The New England Patriots and Atlanta Falcons won’t be the only parties under pressure at Super Bowl LI.
The stakes are high for Fox, which is seeking more than $5 million for a 30-second spot in the Feb. 5 title game. And Madison Avenue is eager to show that it can dazzle consumers with ads stuffed with celebrity appearances, clever stunts, and compelling themes.
“There are very few moments like the Super Bowl — it’s an event that transcends sport and has become an integral moment in pop culture,” says David Lee, chief creative officer at Squarespace, a web-services company that will advertise in the pigskin classic for the third time. “We wouldn’t do it if it didn’t work.”
Fox no doubt hopes for the outsize ratings that have accompanied Super Bowl broadcasts for the last several years. CBS’ airing of Super Bowl 50 in 2016 attracted an average of 111.9 million live viewers, according to Nielsen, making it the third most-watched TV broadcast in history.
This year’s broadcast faces special challenges. As the season’s declining NFL ratings showed, a portion of viewers who were once drawn by buffalo wings and beer are turning away from football to mull over politics or simply stare at mobile screens. Advertisers, meanwhile, face a divided consumer base that may not be in the mood for the dour, cause-related commercials that have had a heavy presence in the Super Bowl ad roster in the past several years.
Who will feel the squeeze most?
21st Century Fox
Can the Murdoch-controlled media behemoth score more than the $445 million CBS took in for last year’s Super Bowl? CBS wrung out 7% more in pre-game, in-game, and post-game advertising than NBC did for its Super Bowl broadcast the prior year, according to Kantar Media, a tracker of ad spending.
You’d think the Super Bowl would sell out quickly, but in recent years, price hikes and complex advertising deals have spurred advertisers to be more deliberate.
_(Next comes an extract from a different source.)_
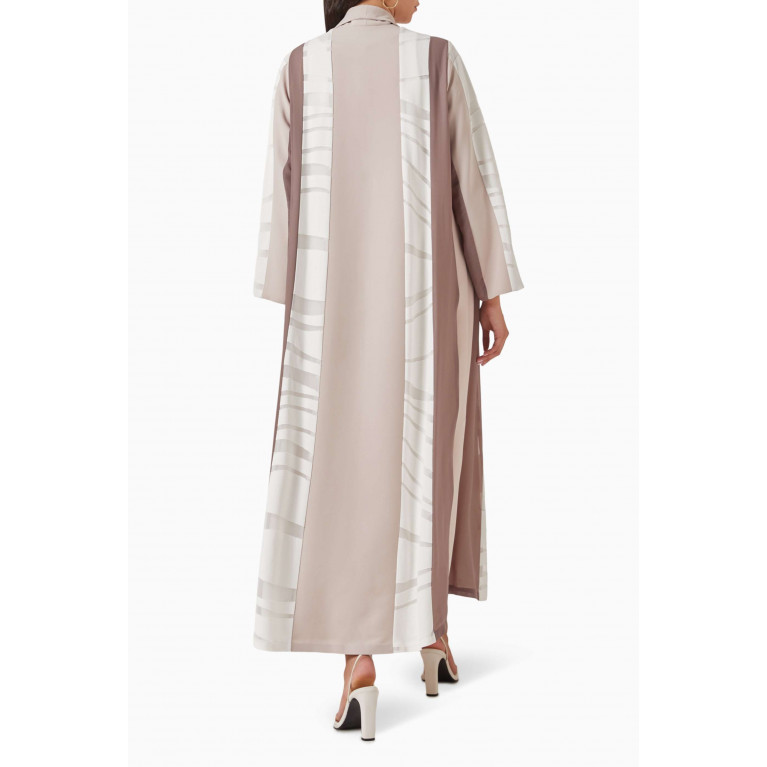 Hessa Falasi - Sustainable Zainah-cut Striped Abaya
At press time, Fox had a handful of ad slots left to sell, buyers say. A Fox Networks Group spokesman declined to comment.
Snickers and Hyundai
Readying a Super Bowl commercial is a harrowing process. Brands need millions of dollars to secure the ad time and hundreds of thousands more for production, special effects, and/or celebrity contracts. This year, two advertisers are taking on even greater challenges.
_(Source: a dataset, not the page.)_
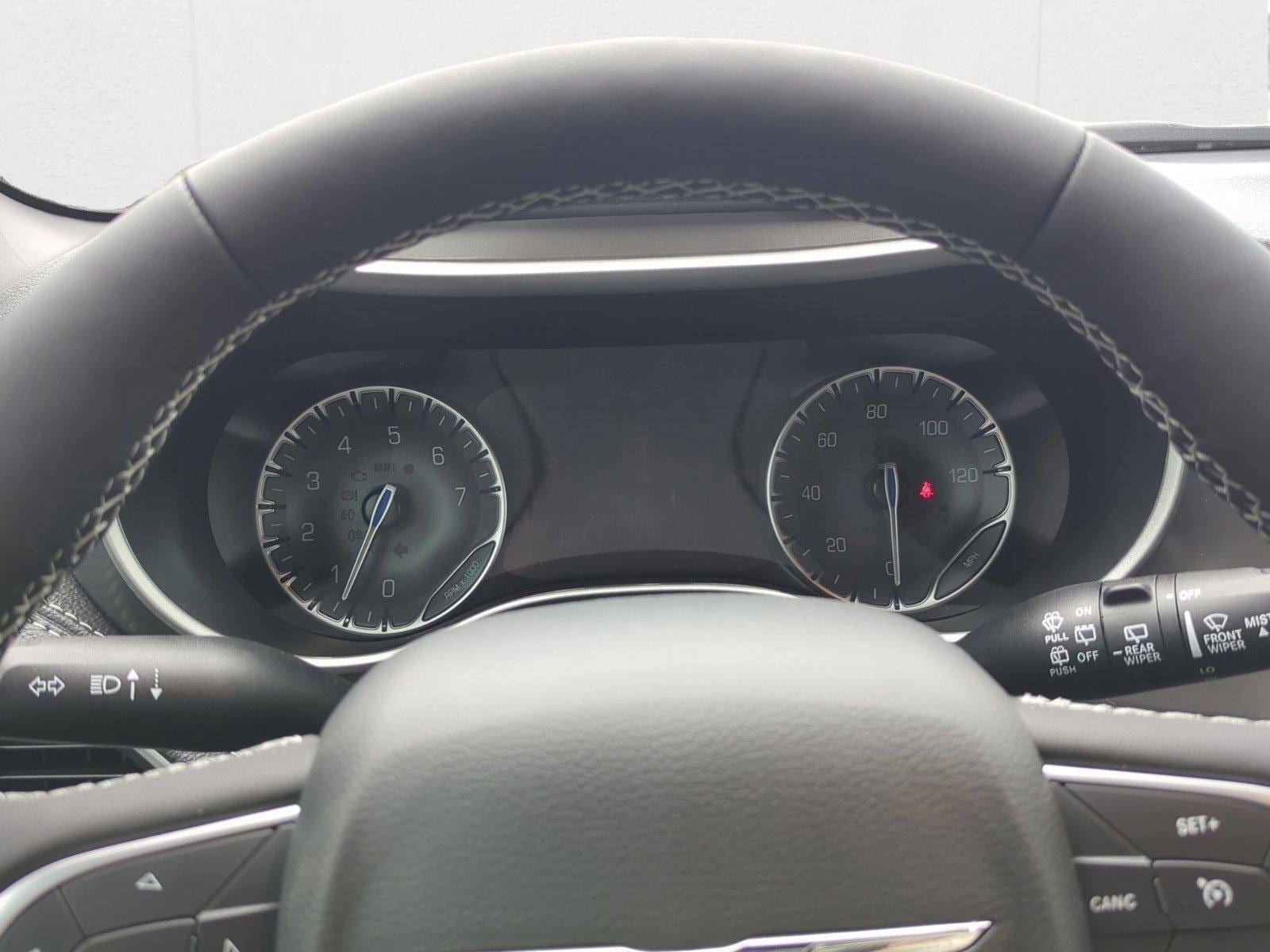 2025 Chrysler Pacifica Select - Photo 11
Snickers, the Mars Inc.-owned candy brand, and automaker Hyundai have both vowed to test new stunts. Snickers intends to air a live ad featuring actor Adam Driver in the first spot of the third quarter. Hyundai, meanwhile, will film an ad during the game that will be shown in Fox’s post-show rundown. The concept is aimed at convincing consumers that they simply can’t miss these anything-can-happen spots. The real-time concepts borrow a page from a gambit tested in last year’s Grammys broadcast, when Target sponsored a live music video featuring Gwen Stefani.
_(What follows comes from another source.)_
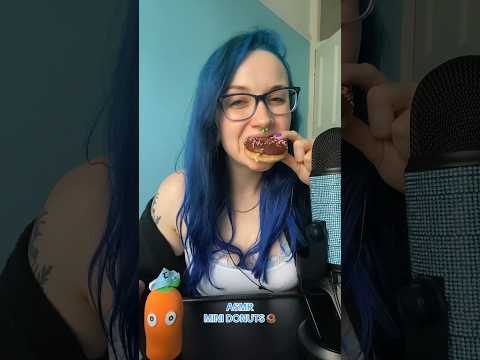 ASMR eating mini donuts 🍩(full on ✅⏰) #asmr #asmreatingsounds #eatingsounds #shorts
The company that brews Super Bowl mainstays Bud Light and Budweiser says it will offer up “back to basics” ads that play upon simple messages, staying away from the frat-boy humor and celebrity antics that have fueled its spots for decades. Viewers will see the famous Clydesdale horses, but anyone looking for another spot with Seth Rogen and Amy Schumer is likely to be disappointed.
The veteran Fox News commentator will interview President Trump for pre-game programming. O’Reilly’s challenge will be to probe for information while not getting too wonky or contentious for a football-focused audience. He has experience in this venue, having previously interviewed President Obama on two Super Bowl Sundays.